Why is the finalize() method in java.lang.Object "protected"?

bragboy picture bragboy · Feb 18, 2010 · Viewed 38.5k times · Source

Out of curiosity,

Why is the finalize() method's access modifier is made as protected. Why cant it be public? Can someone explain me any specific reason behind this?

Also, I came to know that finalize() method is called only once. If I call it twice in my program internally, what is happening? Will the garbage collector call this again?

private void dummyCall() {
    try {
        finalize();
        finalize();
    } catch (Throwable e) {
        e.printStackTrace();//NOT REACHES EXCEPTION
    }
}

Answer

mmx picture mmx · Feb 18, 2010

I answer your question with another question:

Why finalize method shouldn't be protected?

In general, you should try to keep things as much private as possible. That's what encapsulation is all about. Otherwise, you could make everything public. finalize can't be private (since derived classes should be able to access it to be able to override it), so it should at least be protected but why give out more access when it's not desirable?


After reading your comment more carefully, I guess I see your main point now.
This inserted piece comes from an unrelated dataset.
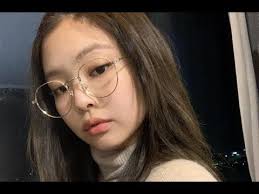 Striking male kpop idols in glasses. Kpop Girlband Member With Glasses Youtube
I think your point is since everything derives from java.lang.Object and consequently accesses its protected members, it wouldn't make any difference for it (or any method in java.lang.Object for that matter) to be public as opposed to protected. Personally, I'd count this as a design flaw in Java. This is indeed fixed in C#. The problem is not why finalize is protected. That's OK. The real issue is that you shouldn't be able to call protected methods in the base class through an object reference of the base class type. Eric Lippert has a blog entry discussing why allowing such kind of access to protected members is a bad idea which is further elaborated on Stack Overflow in this question.